Could you retype the lines below, starting at the line holding "Eine Wählerin wirft" and stopping at the line holding "Könnte beinhalten: Zwei", inclusive? Copy them exactly and drop the images.

=====

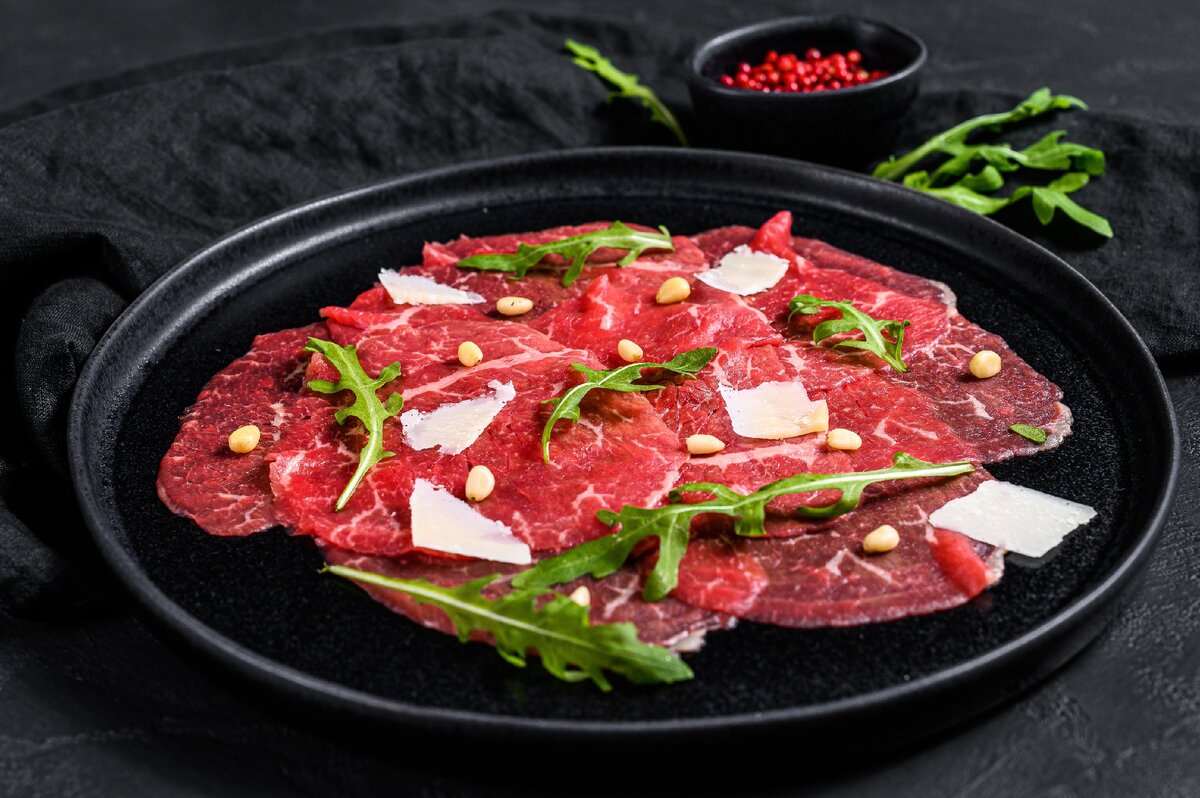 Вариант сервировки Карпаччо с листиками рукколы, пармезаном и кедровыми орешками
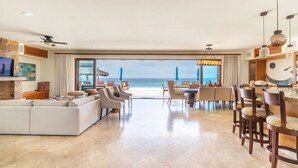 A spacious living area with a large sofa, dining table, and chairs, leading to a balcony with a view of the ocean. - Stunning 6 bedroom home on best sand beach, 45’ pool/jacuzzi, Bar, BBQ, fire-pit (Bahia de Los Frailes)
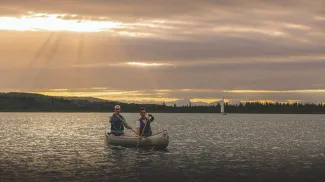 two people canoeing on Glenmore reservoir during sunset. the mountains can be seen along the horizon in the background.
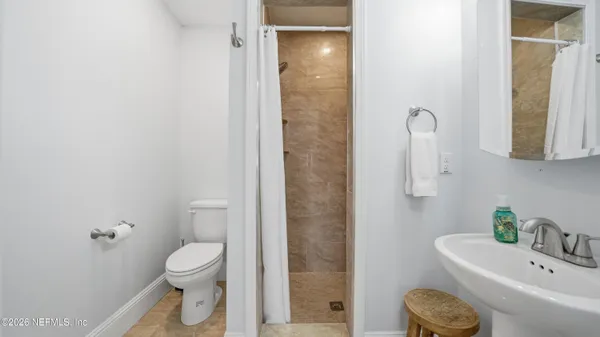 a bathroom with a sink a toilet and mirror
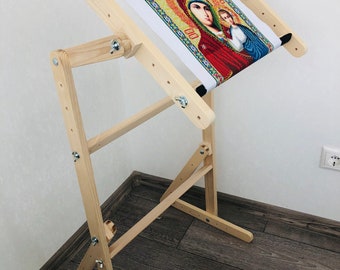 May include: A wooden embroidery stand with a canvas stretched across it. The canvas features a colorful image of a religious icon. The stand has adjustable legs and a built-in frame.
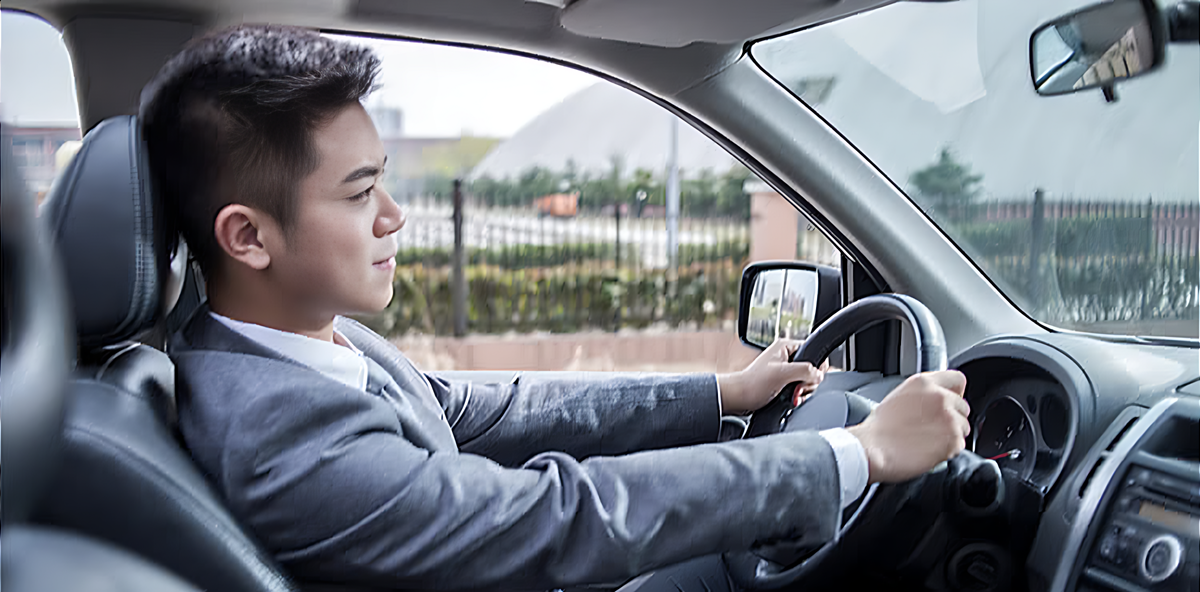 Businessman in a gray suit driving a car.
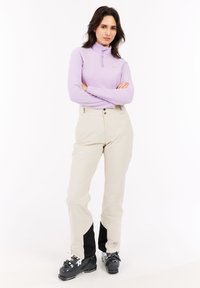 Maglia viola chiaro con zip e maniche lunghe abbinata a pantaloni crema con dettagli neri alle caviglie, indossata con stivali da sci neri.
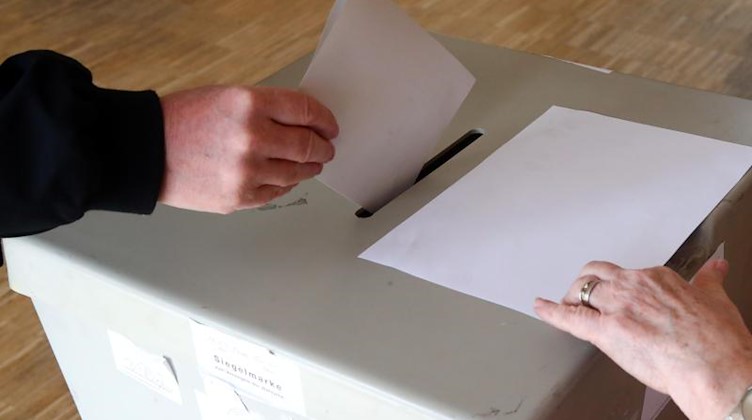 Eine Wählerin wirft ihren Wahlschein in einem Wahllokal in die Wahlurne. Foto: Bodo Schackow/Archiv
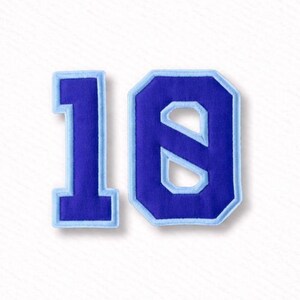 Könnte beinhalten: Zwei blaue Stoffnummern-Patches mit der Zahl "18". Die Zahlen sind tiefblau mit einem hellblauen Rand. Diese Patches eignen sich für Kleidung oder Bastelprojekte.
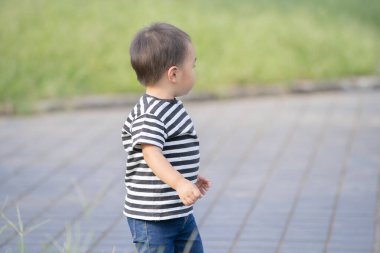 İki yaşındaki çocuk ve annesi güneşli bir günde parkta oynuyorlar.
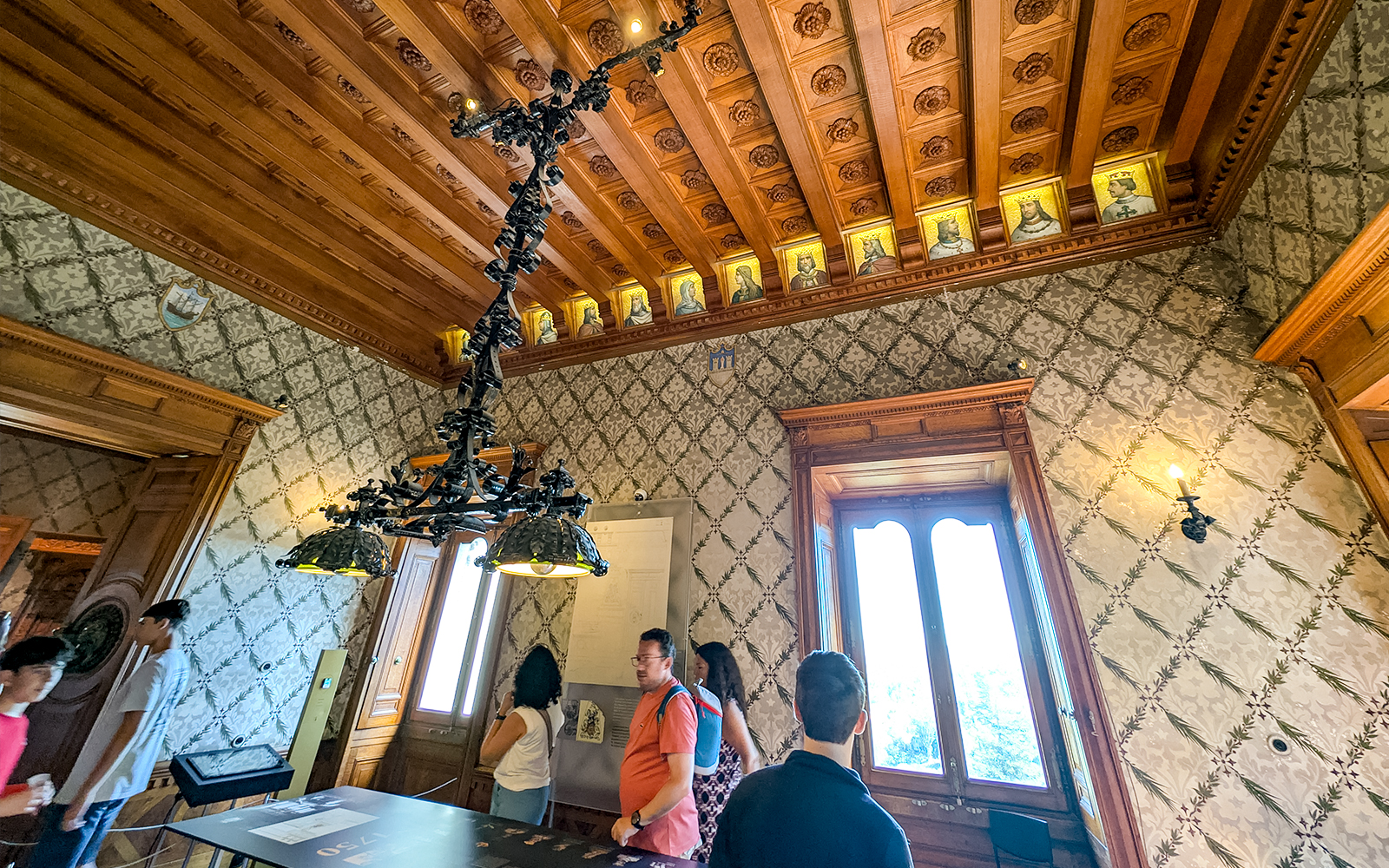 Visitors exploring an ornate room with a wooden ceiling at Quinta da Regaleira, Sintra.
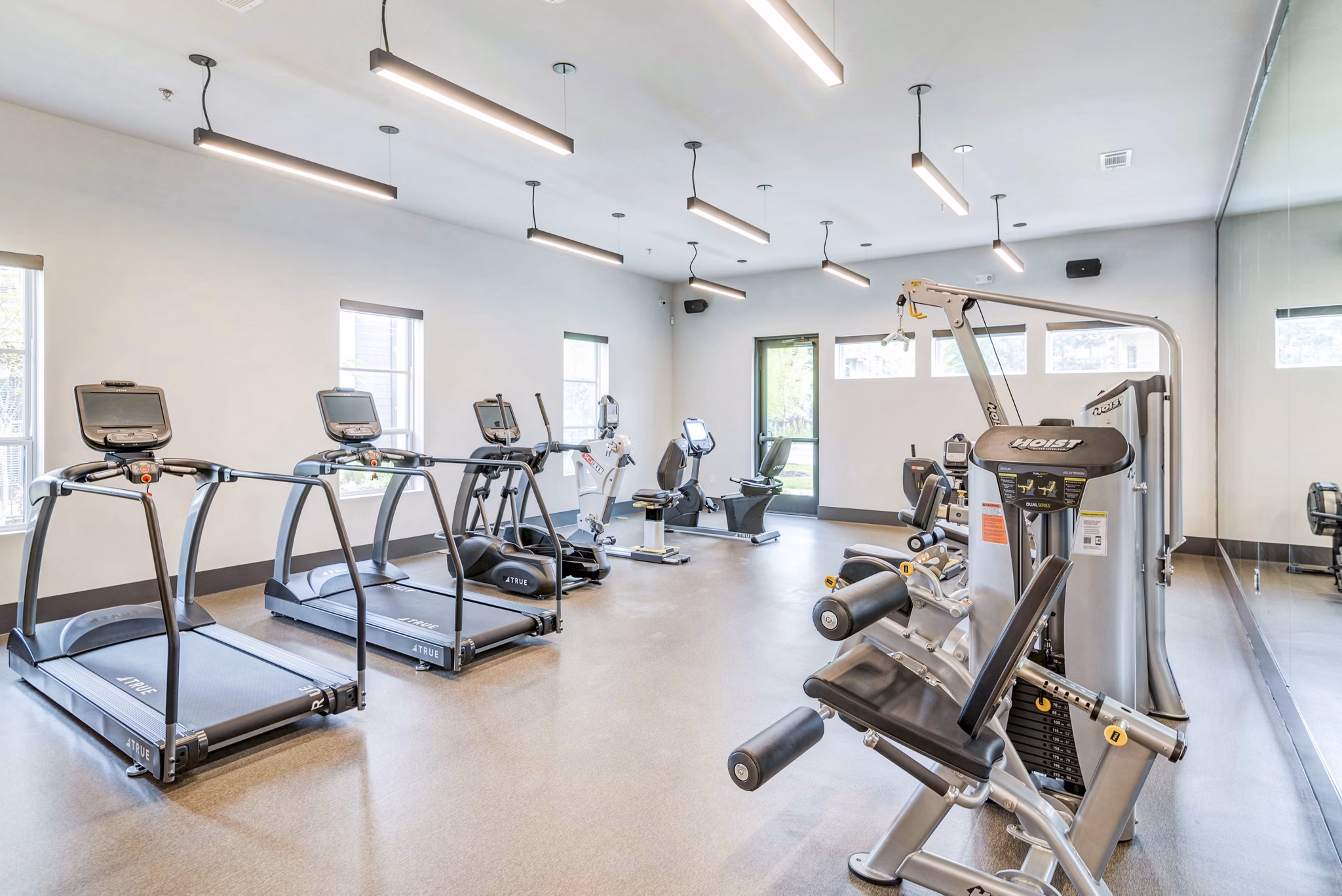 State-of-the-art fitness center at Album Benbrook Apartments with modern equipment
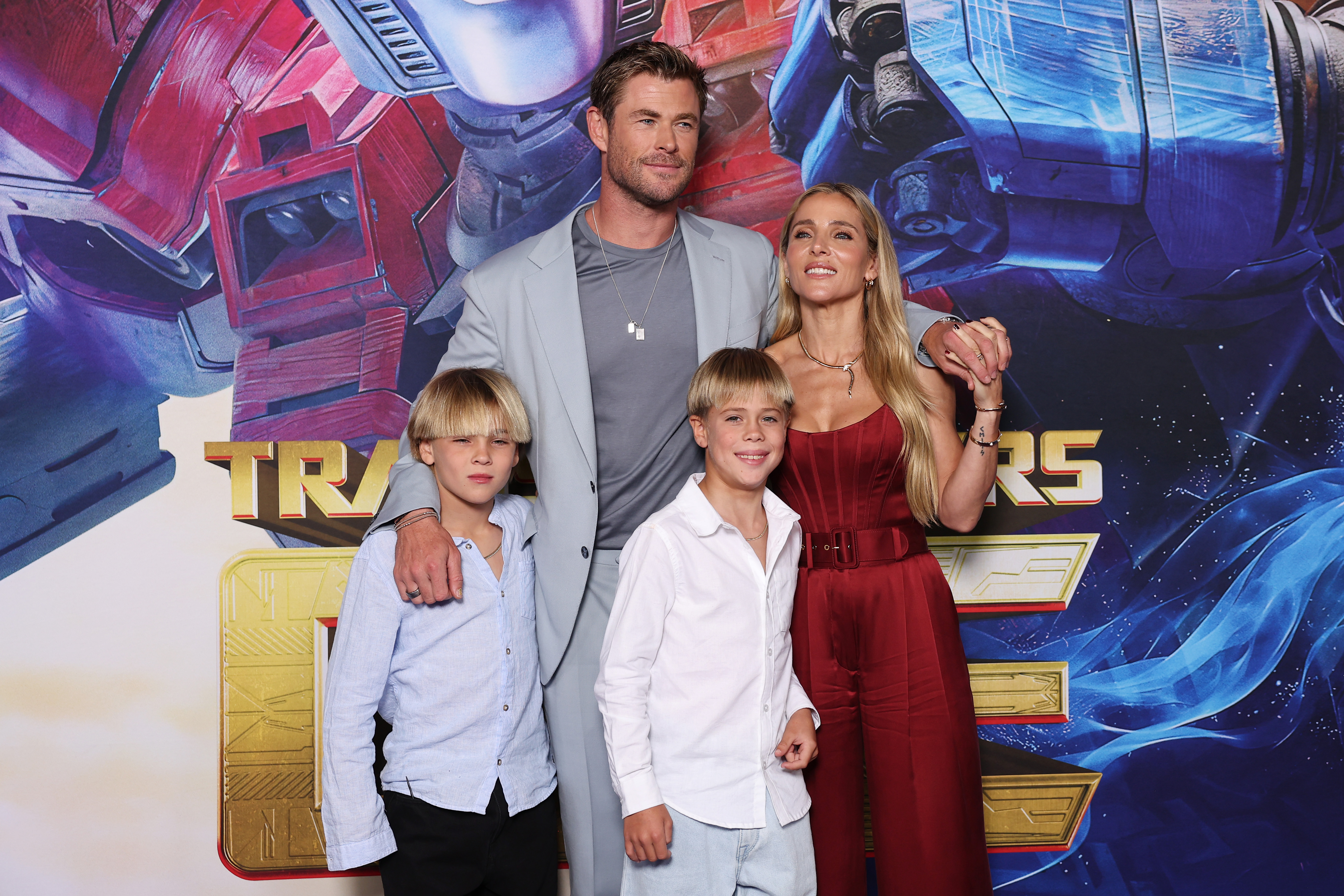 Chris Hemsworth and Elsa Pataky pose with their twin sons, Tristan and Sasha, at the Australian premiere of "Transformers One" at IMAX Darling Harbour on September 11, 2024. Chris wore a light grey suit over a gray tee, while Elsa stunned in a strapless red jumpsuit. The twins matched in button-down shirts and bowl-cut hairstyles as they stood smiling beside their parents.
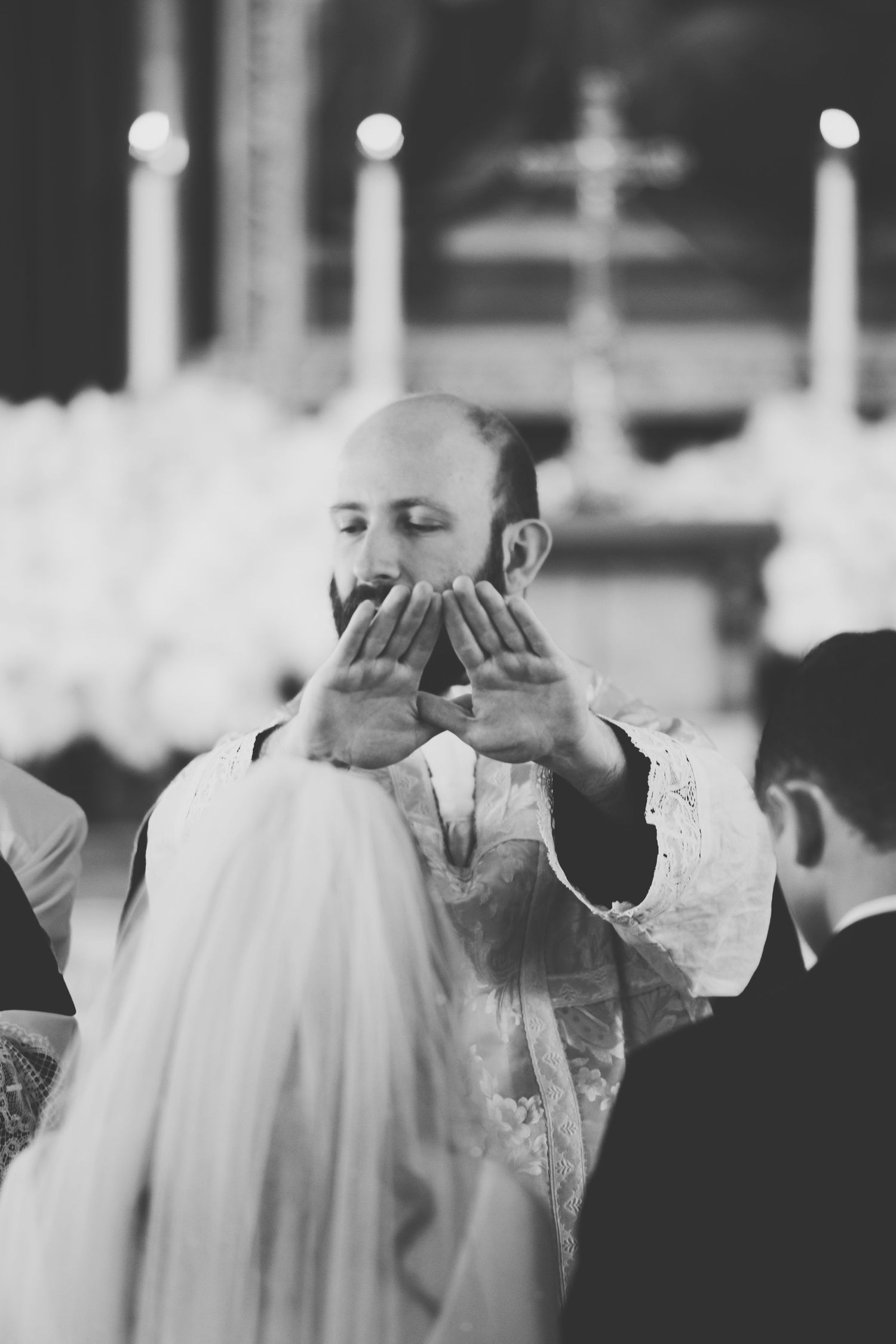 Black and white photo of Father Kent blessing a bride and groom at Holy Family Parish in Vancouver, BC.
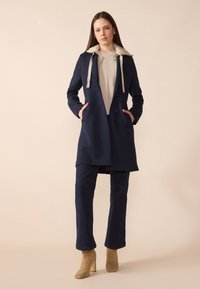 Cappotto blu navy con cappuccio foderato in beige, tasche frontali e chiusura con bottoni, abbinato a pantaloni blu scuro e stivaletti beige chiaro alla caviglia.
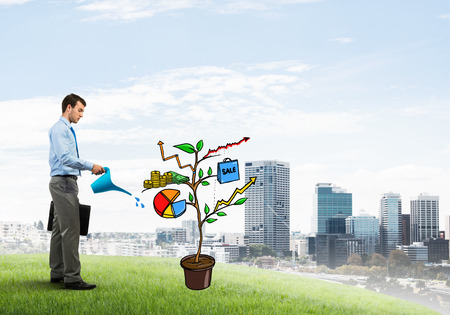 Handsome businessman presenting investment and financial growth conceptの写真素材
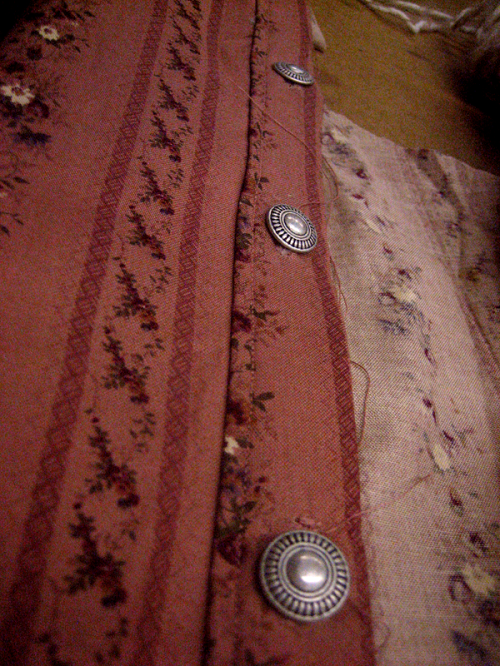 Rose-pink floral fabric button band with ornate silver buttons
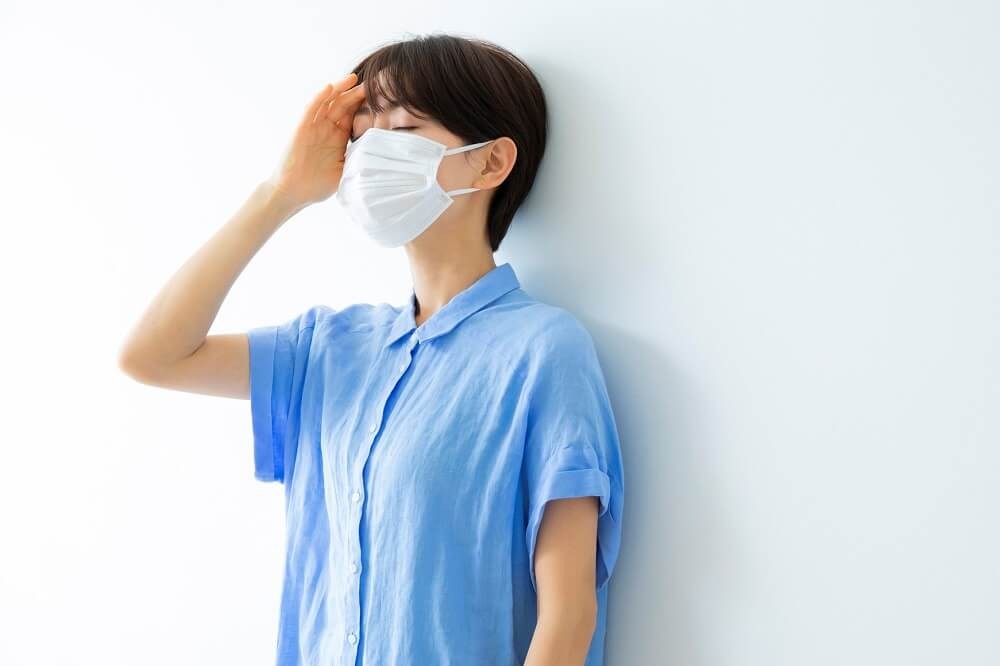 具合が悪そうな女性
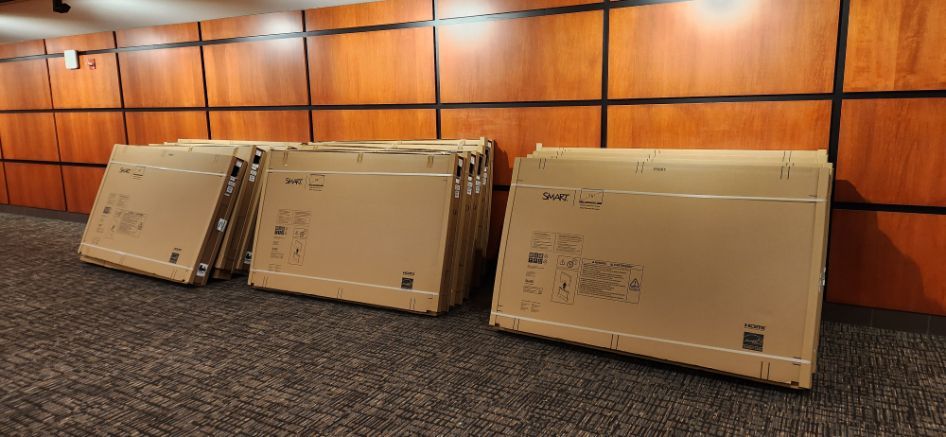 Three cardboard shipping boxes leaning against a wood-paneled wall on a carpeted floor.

=====

● **Exercise answer**:
 Eine Wählerin wirft ihren Wahlschein in einem Wahllokal in die Wahlurne. Foto: Bodo Schackow/Archiv
 Könnte beinhalten: Zwei blaue Stoffnummern-Patches mit der Zahl "18". Die Zahlen sind tiefblau mit einem hellblauen Rand. Diese Patches eignen sich für Kleidung oder Bastelprojekte.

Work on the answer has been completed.